Source records
★ ★ ★ ★ ★
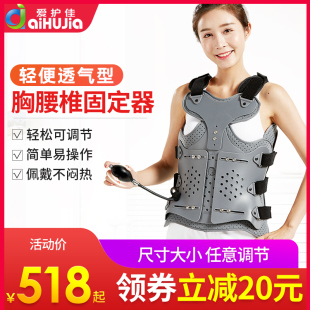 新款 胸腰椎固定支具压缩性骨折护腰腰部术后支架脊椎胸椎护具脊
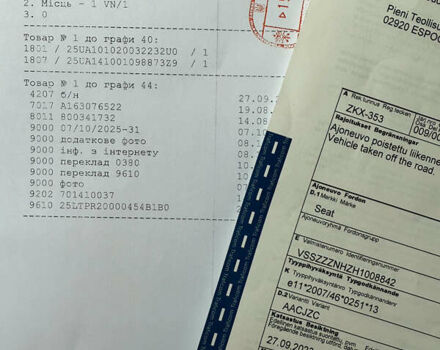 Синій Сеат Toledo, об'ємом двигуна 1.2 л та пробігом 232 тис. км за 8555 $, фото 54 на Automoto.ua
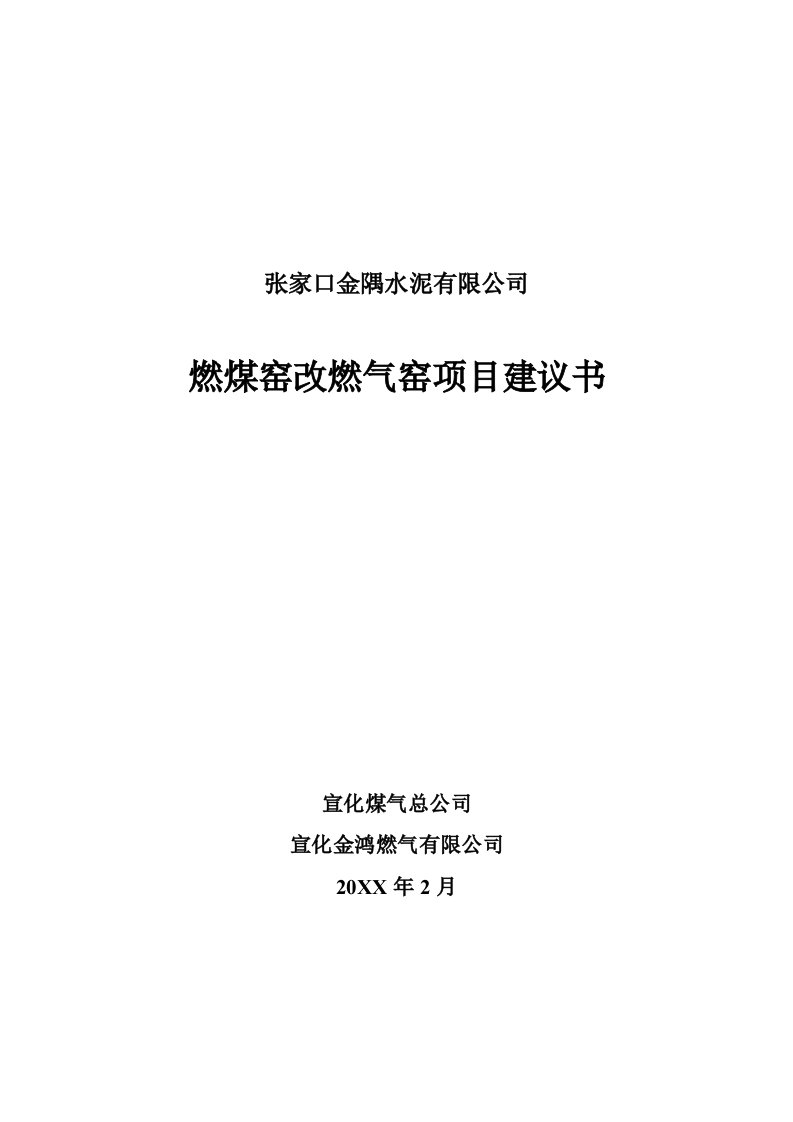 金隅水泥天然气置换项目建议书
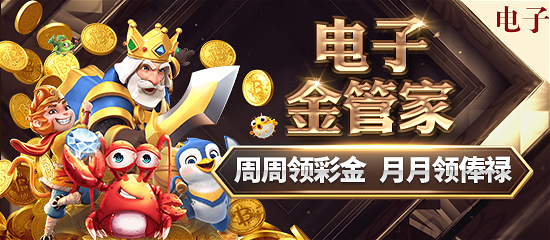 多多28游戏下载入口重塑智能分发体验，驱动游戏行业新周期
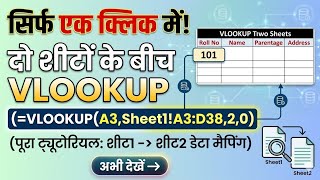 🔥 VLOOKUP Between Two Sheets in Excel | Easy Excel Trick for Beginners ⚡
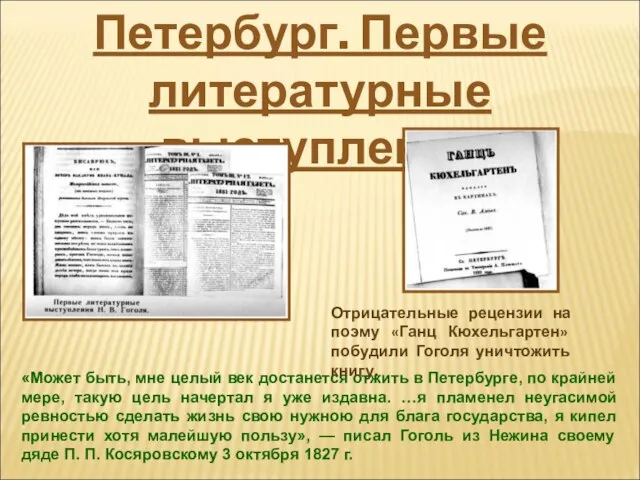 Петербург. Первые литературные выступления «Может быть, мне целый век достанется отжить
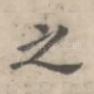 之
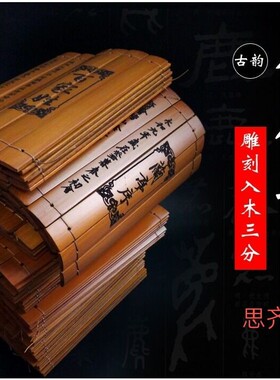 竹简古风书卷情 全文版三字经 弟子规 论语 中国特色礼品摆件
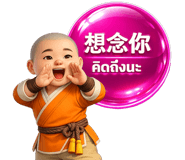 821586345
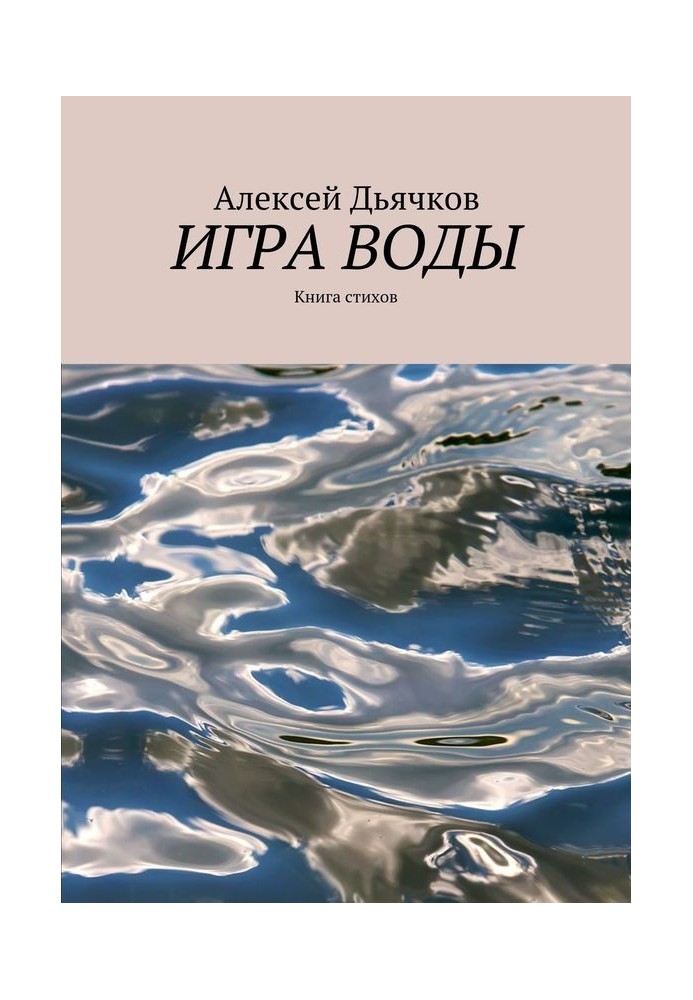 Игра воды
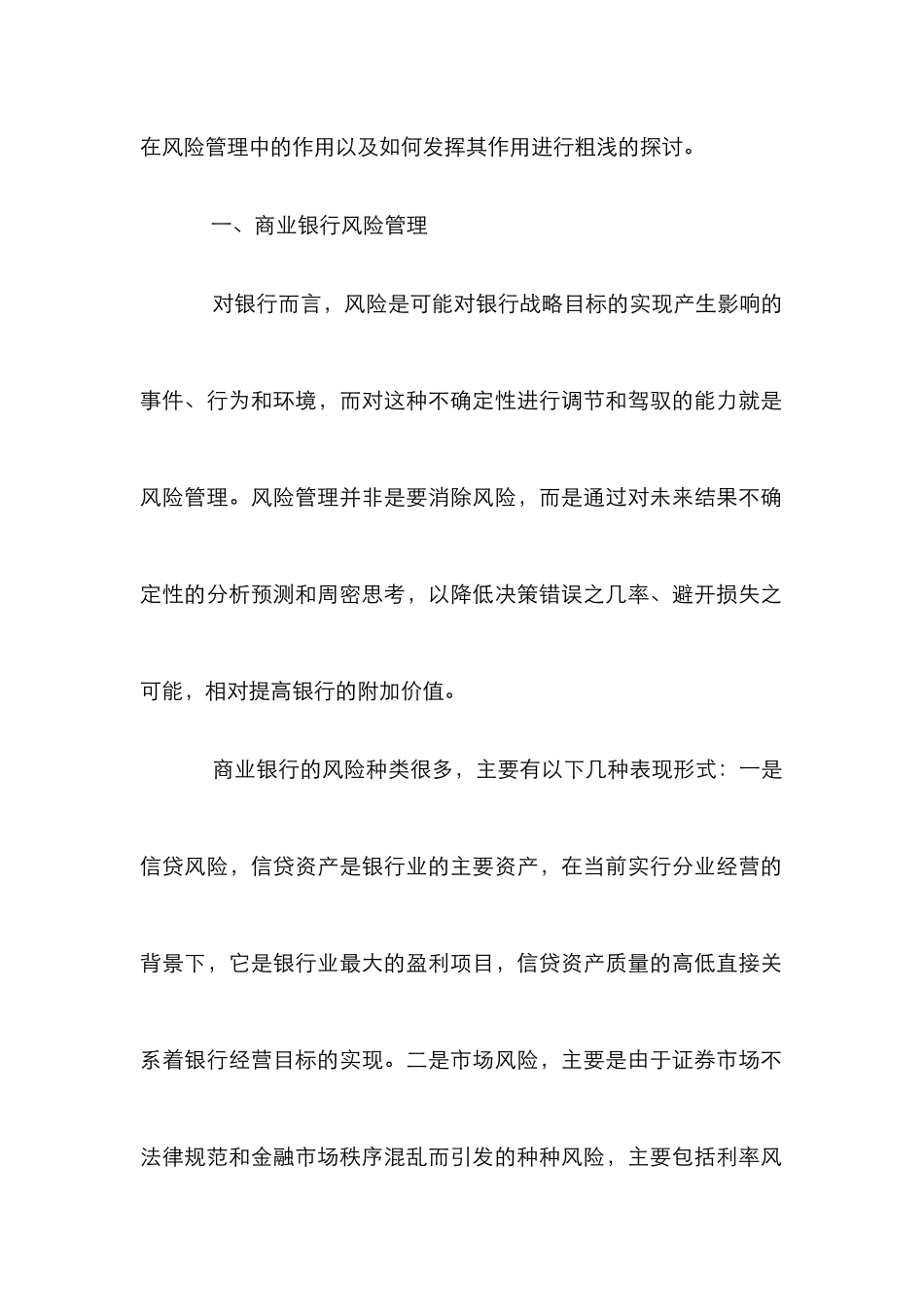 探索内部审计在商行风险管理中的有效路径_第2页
★ ★ ★ ★ ★
Task objective: Only the pictures are to be omitted; the records above must otherwise be reproduced exactly.

Exercise answer:
 新款 胸腰椎固定支具压缩性骨折护腰腰部术后支架脊椎胸椎护具脊
 Синій Сеат Toledo, об'ємом двигуна 1.2 л та пробігом 232 тис. км за 8555 $, фото 54 на Automoto.ua
 金隅水泥天然气置换项目建议书
 多多28游戏下载入口重塑智能分发体验，驱动游戏行业新周期
 🔥 VLOOKUP Between Two Sheets in Excel | Easy Excel Trick for Beginners ⚡
 Петербург. Первые литературные выступления «Может быть, мне целый век достанется отжить
 之
 竹简古风书卷情 全文版三字经 弟子规 论语 中国特色礼品摆件
 821586345
 Игра воды
 探索内部审计在商行风险管理中的有效路径_第2页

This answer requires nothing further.